■ Brief descriptive captions
⟨
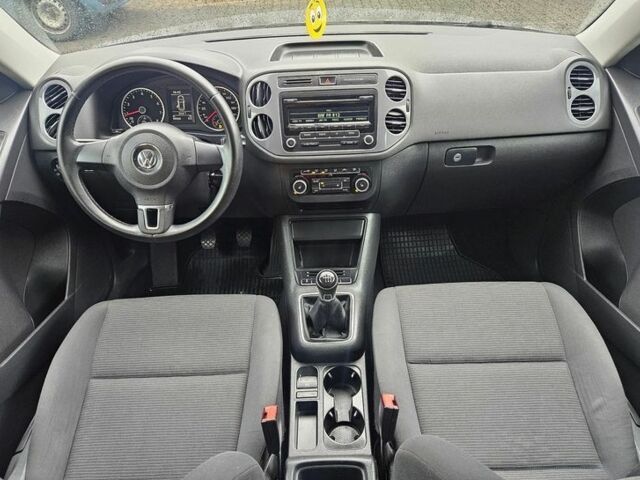 Серый Фольксваген Тигуан, объемом двигателя 1.4 л и пробегом 100 тыс. км за 8000 $, фото 4 на Automoto.ua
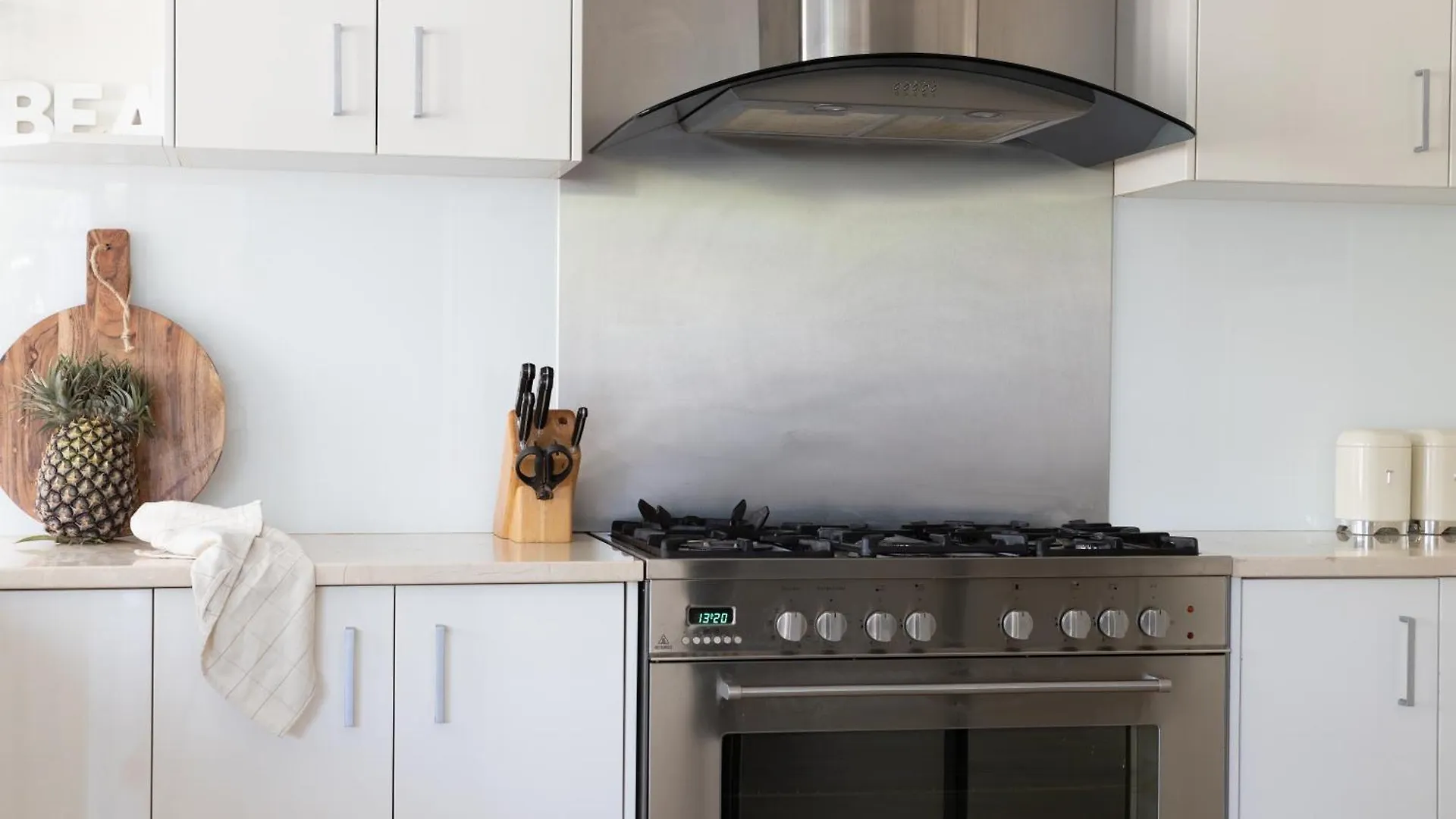 Beach House 4 Brm, 3 Mins Walk To Beach Apartment Alexandra Headland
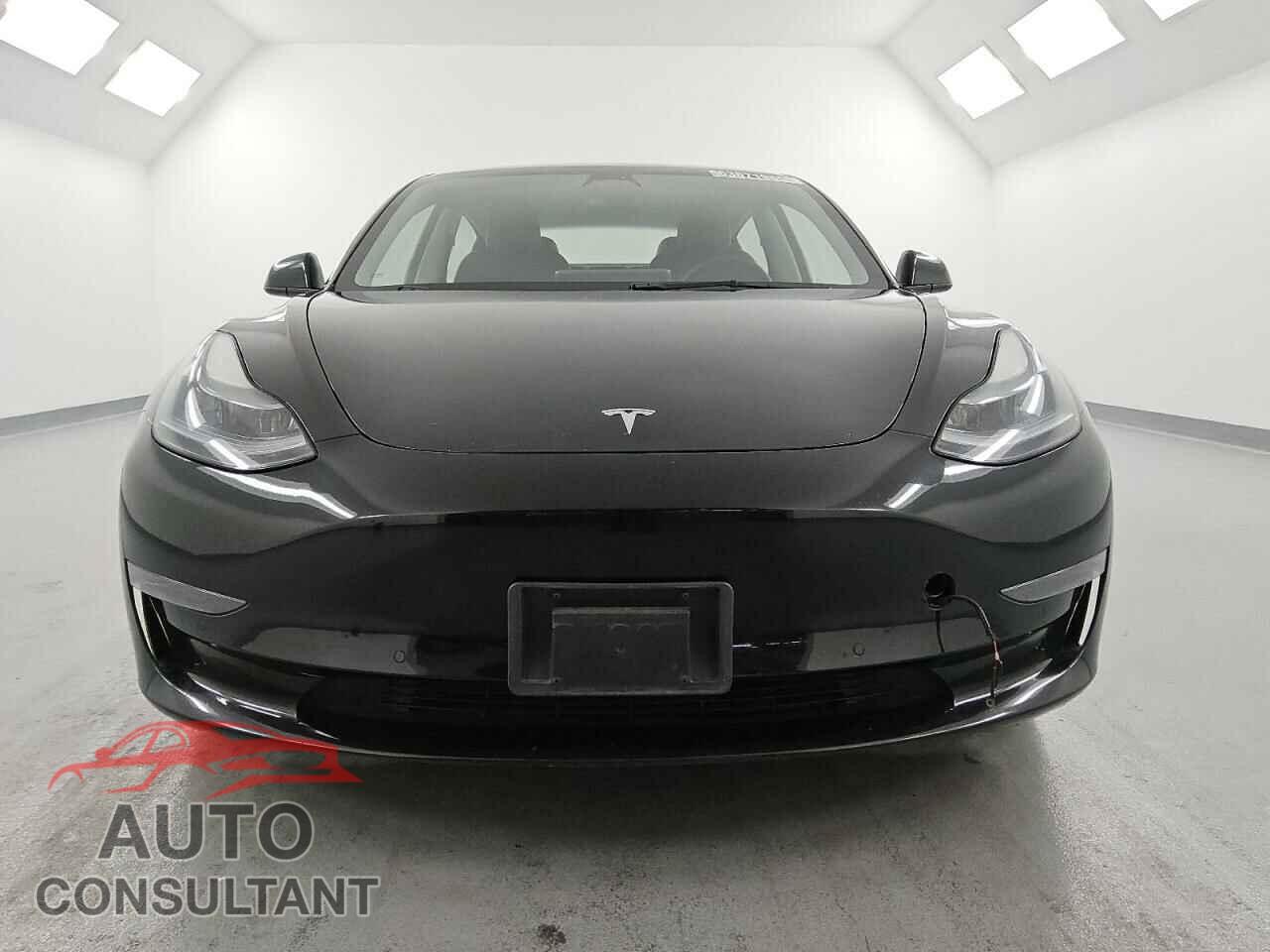 TESLA MODEL 3 2022 - 5YJ3E1EA0NF372033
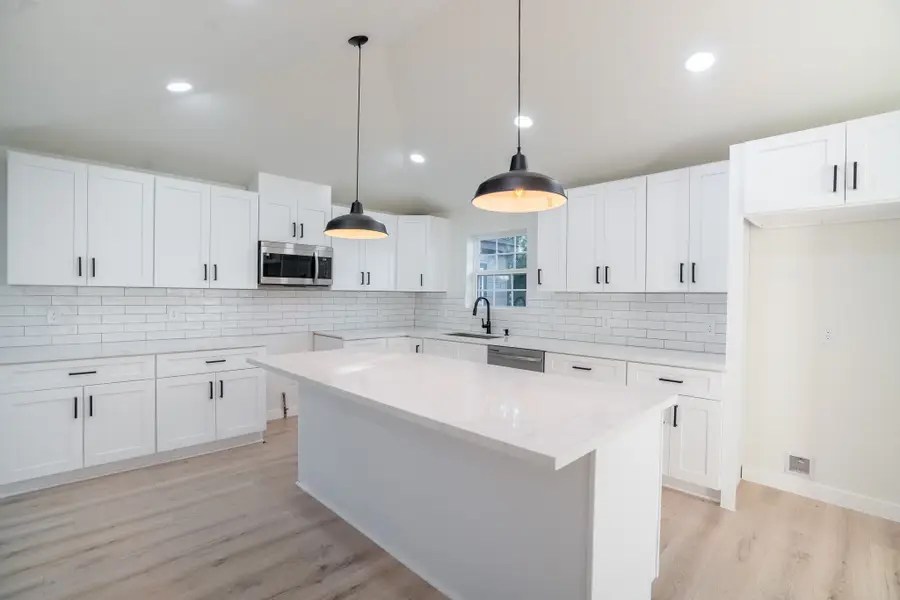 1310 E 34th Street, Houston, TX 77022 - Image #2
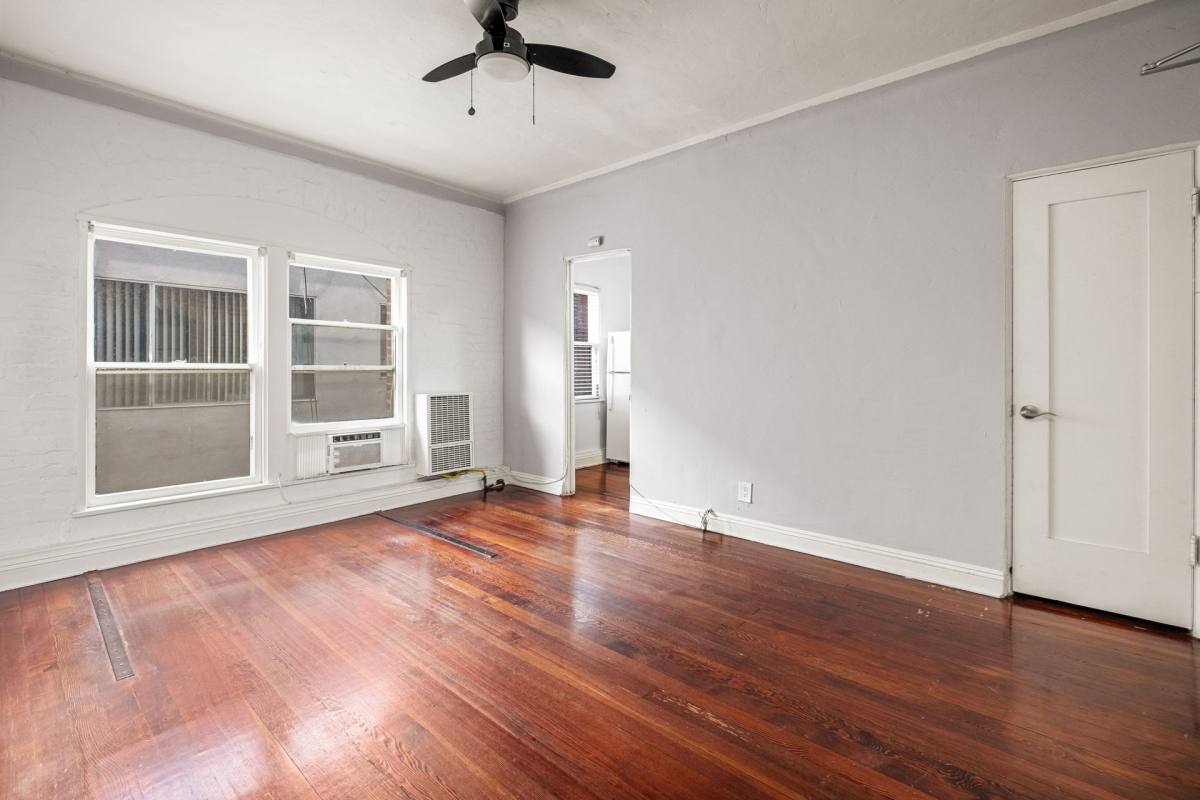 Apartment for rent at 109 S Normandie Ave, Los Angeles, CA 90004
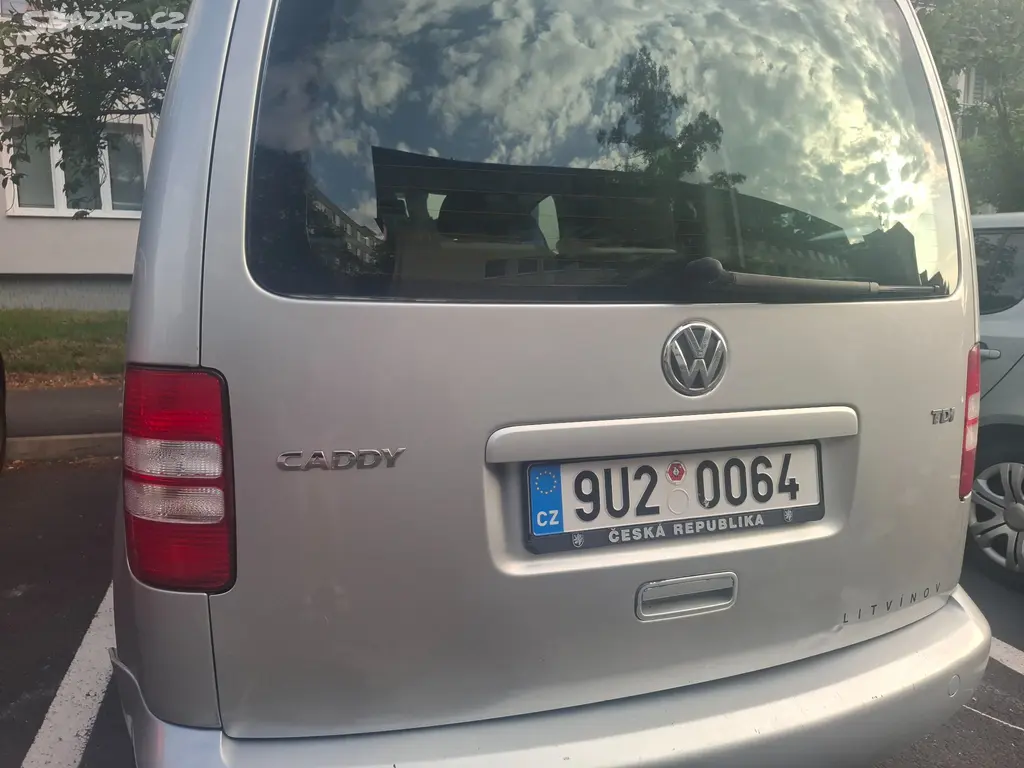 Volkswagen Caddy 1.6 nafta - fotka 3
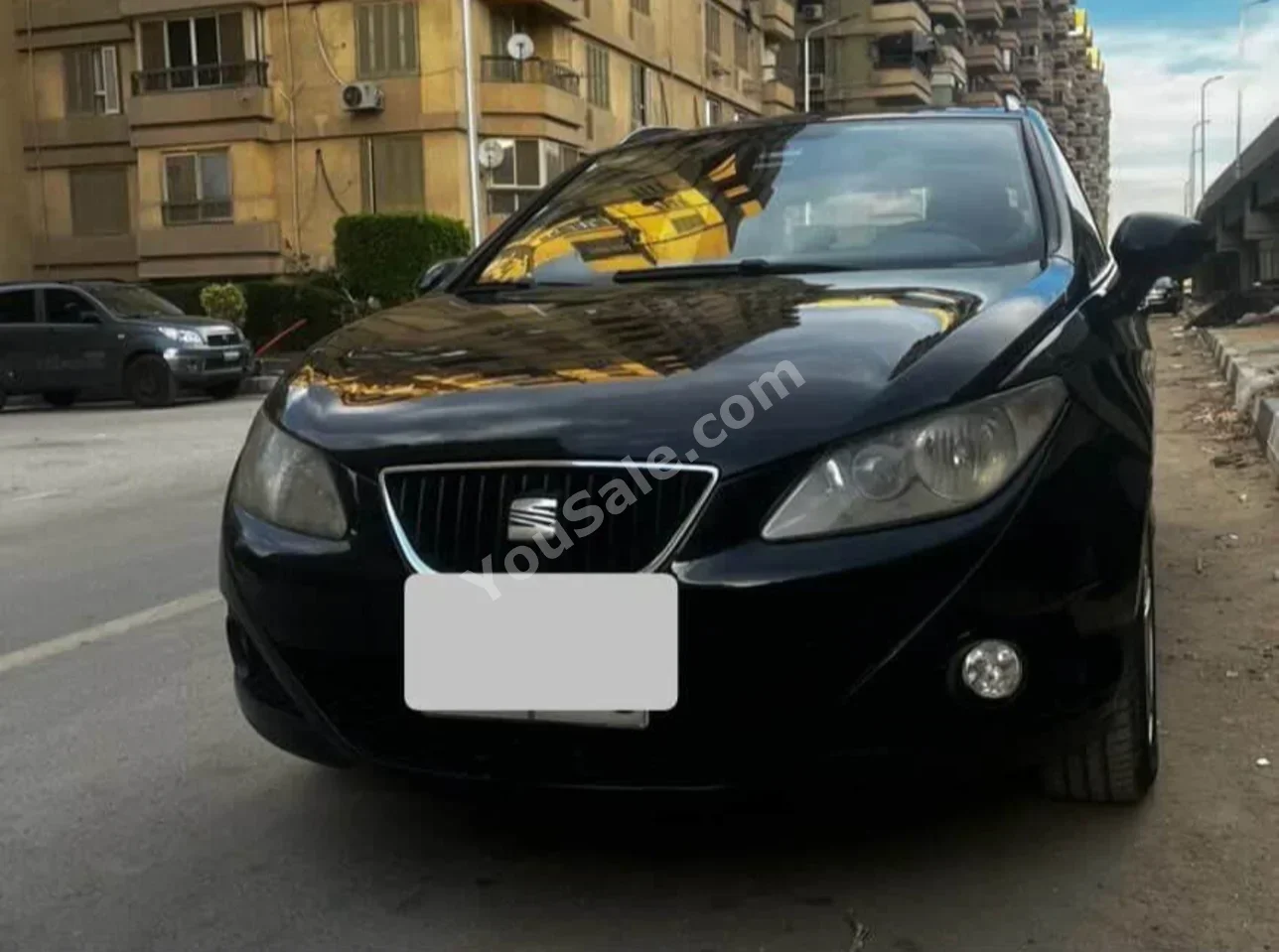 Seat  Ibiza  2012  Automatic  143,000 Km  Black  Gasoline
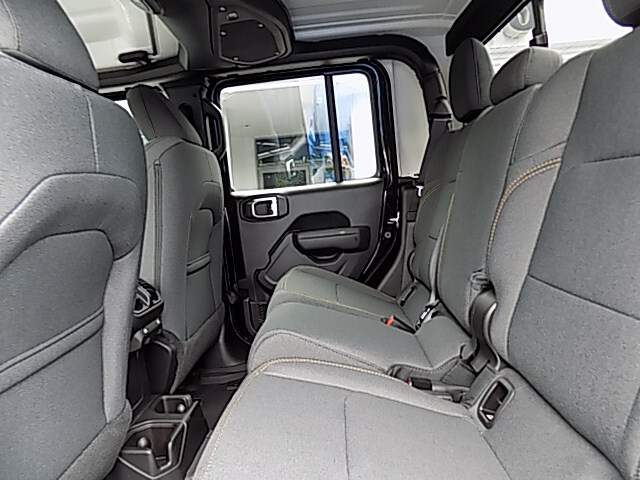  2025 Jeep Gladiator Image: 8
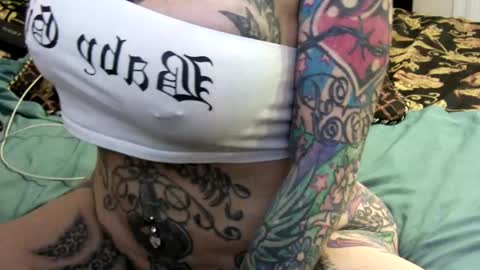 PAMELA GUNNS online show from 03/20/26, 05:40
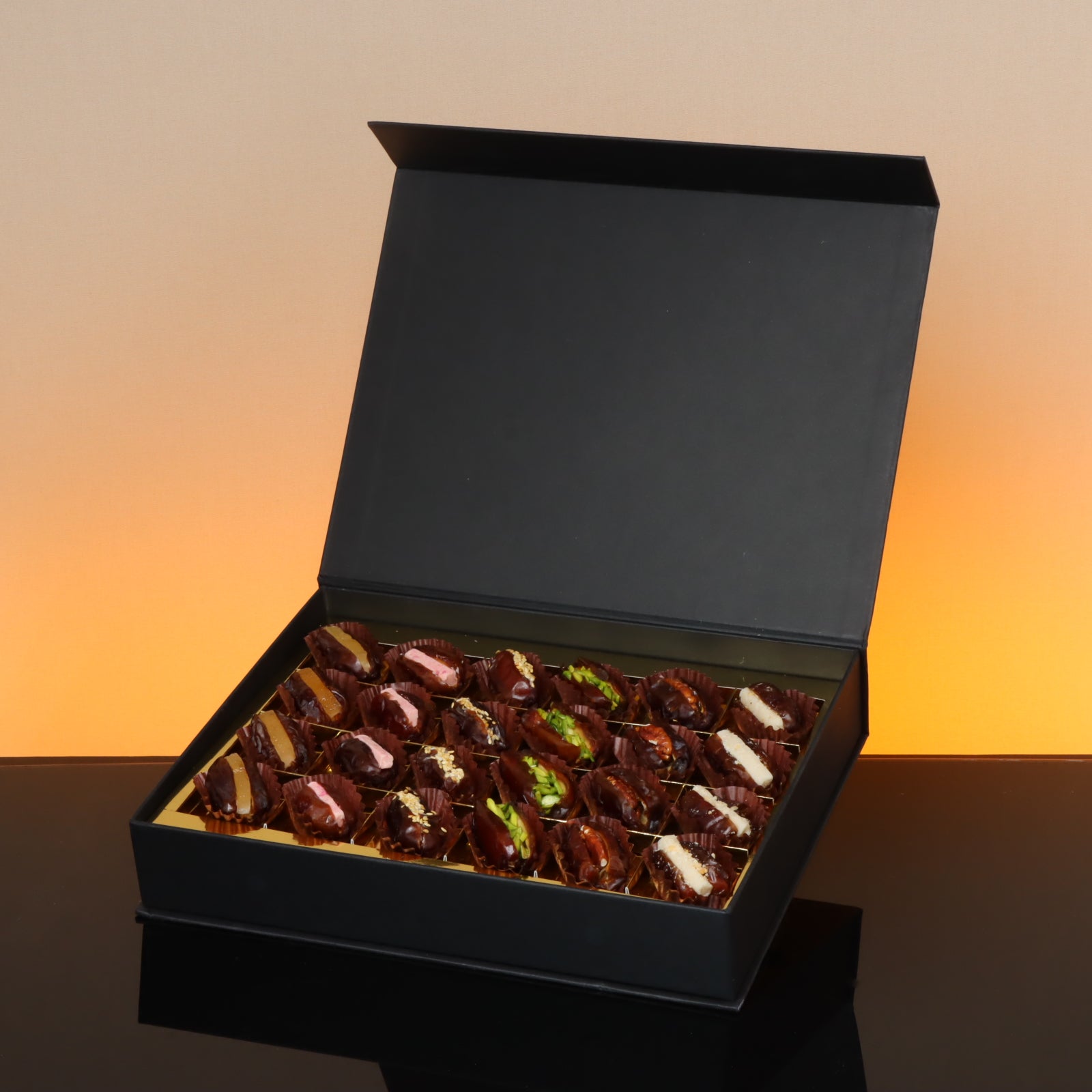 Acrylic decorated Ramadan Kareem luxury mixed stuffed dates magnetic hard box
⟩
■ Required action
Set down every record once more, word for word, without pictures.

■ Response to this exercise
 Серый Фольксваген Тигуан, объемом двигателя 1.4 л и пробегом 100 тыс. км за 8000 $, фото 4 на Automoto.ua
 Beach House 4 Brm, 3 Mins Walk To Beach Apartment Alexandra Headland
 TESLA MODEL 3 2022 - 5YJ3E1EA0NF372033
 1310 E 34th Street, Houston, TX 77022 - Image #2
 Apartment for rent at 109 S Normandie Ave, Los Angeles, CA 90004
 Volkswagen Caddy 1.6 nafta - fotka 3
 Seat  Ibiza  2012  Automatic  143,000 Km  Black  Gasoline
  2025 Jeep Gladiator Image: 8
 PAMELA GUNNS online show from 03/20/26, 05:40
 Acrylic decorated Ramadan Kareem luxury mixed stuffed dates magnetic hard box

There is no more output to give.